Fast forward to present day and I have been on a regular “on again, off again” workout routine. Then my significant other was passively talked into becoming a fitness instructor at the YMCA by some colleagues. She’s now learning to teach a course called Group Fight. As I know the doctor wants me to get into shape and the wife is doing this course thing, I decided to jump on the band wagon. Well, no stretching a bit of a warm-up and viola! pulled a groin and hip muscle.
Now I am rehabbing my right hip, knee and ankle while she jumps around in the living room. This is when I decided to start doing some research about how I should actually warm up before a routine. The Group Fight warm-up is great, for what I would call “already fit people” and not “slightly overweight or definitely overweight people.” I fit into these categories myself and I’m over 40. Not a great combination. It’s AWESOME exercise, a great routine, if you can survive it and I am certain with all this exercise it will take off quickly.
A colleague of mine, her fiancé is a fitness guru and has a local website called Your Fitness Corner. On his website I located articles for newbies and started reading. Then I came across “Best Exercises for Newbies” which says, “In this article I’m going to give you the 4 best exercises that you can do to build a balanced, strong and muscular body.”
- Barbell Deadlift
- Front Barbell Squat
- Bench Press
Front squats are a fantastic exercise to help you build a thick lower body, develop a strong posture, and strengthen your core.
The bench press is very effective in stimulating the chest, shoulders, and triceps.
Chinups/pullups are great for biceps, lats and rear delts (shoulders) development.
If you are like me, some of this sounds fairly simple, bench press, yep, understand how-to do that. However do you know how-to do it correctly without hurting yourself? Maybe. Well, that’s why I took some time and looked up some workout videos on YouTube for you. Check out below for some videos on the “do’s and do not’s” to assist you with your new training regime at the gym.

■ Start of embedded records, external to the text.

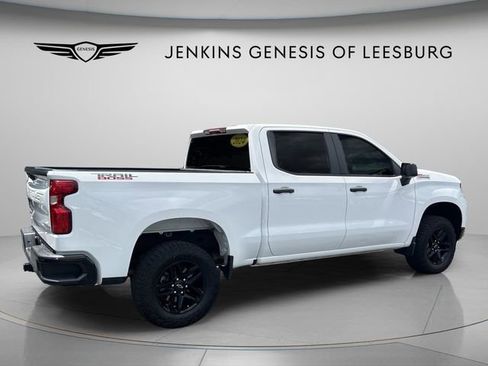 Used 2024 Chevrolet Silverado 1500 Custom Trail Boss AWD/4WD image 5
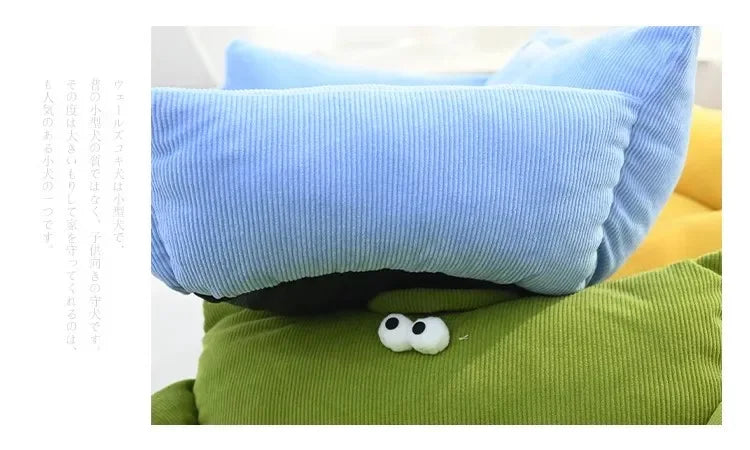 Cushion Winter Bed Puppy Special Sofa Kennel Winter Warm Pet Internet Celebrity Cat Nest Small Dog Dog Sleeping Mat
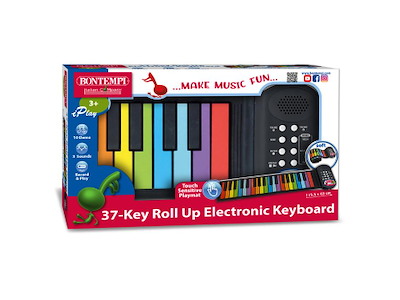 Elektronisk musik tastatur + 3år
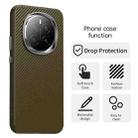For Honor Magic7 Carbon Fiber Series IMD Phone Case(Brown) - 2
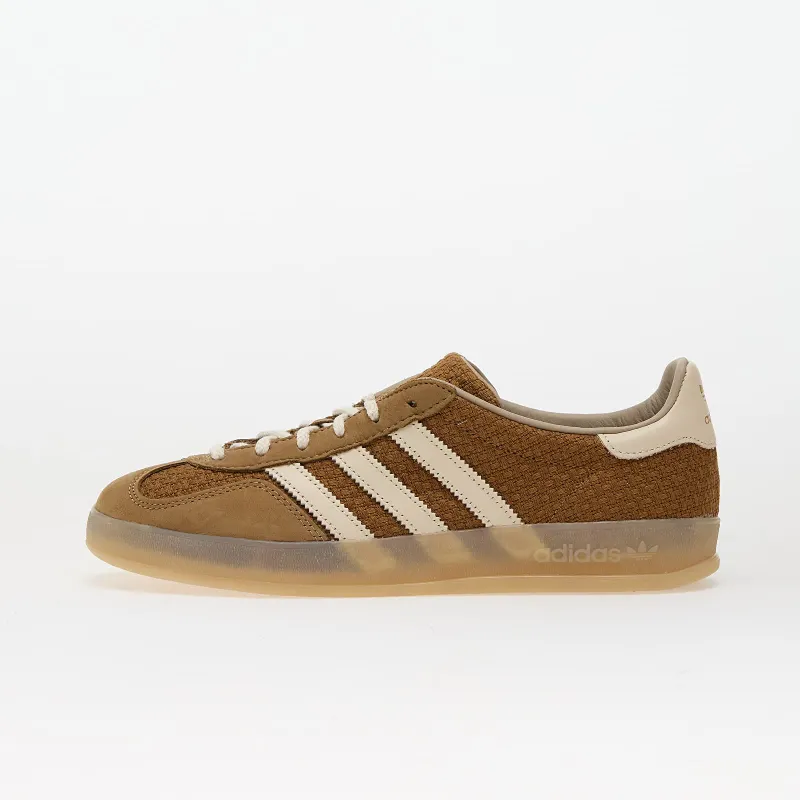 Adidas Gazelle Indoor “Brown Desert / Wonder White” (JR8851)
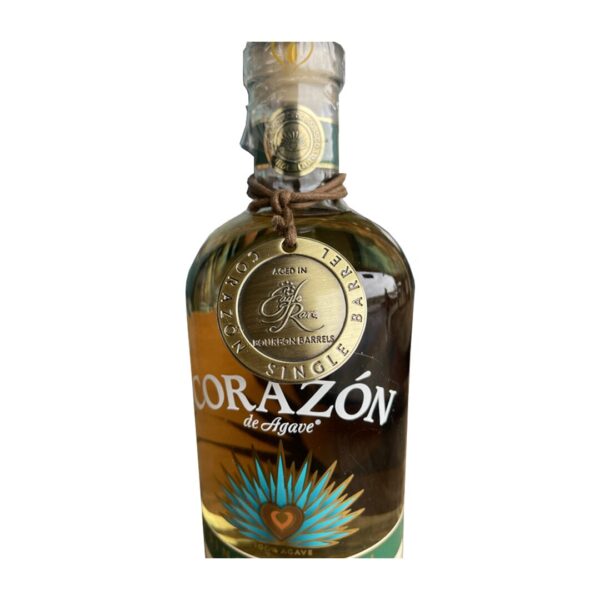 Corazon 'San Diego Barrel Boys' Single Barrel Anejo Tequila Aged in Eagle Rare Bourbon Barrels - Image 3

Deadlifts – 5 Most Common Deadlift Mistakes
How to Perform the Deadlift – Proper Technique and Form
How to Perform the Front Squat
How to Perform Bench Press – Tutorial & Proper Form
How to Perform Pull Ups – Proper Pull-up Exercise Tutorial
As per Your Fitness Corner, ‘The reason why these exercises are so effective in building strength and size to the body, is that they are heavy exercises that utilize many muscle fibers to perform the action, and they’re intense enough, that the body is forced to produce more testosterone. Not only that, these exercises resemble basic movements and actions. Pulling yourself up to a bar, lifting something off of the ground, and pushing something with your arms. These are all natural body movements that everyone is comfortable with doing and knows how to do.’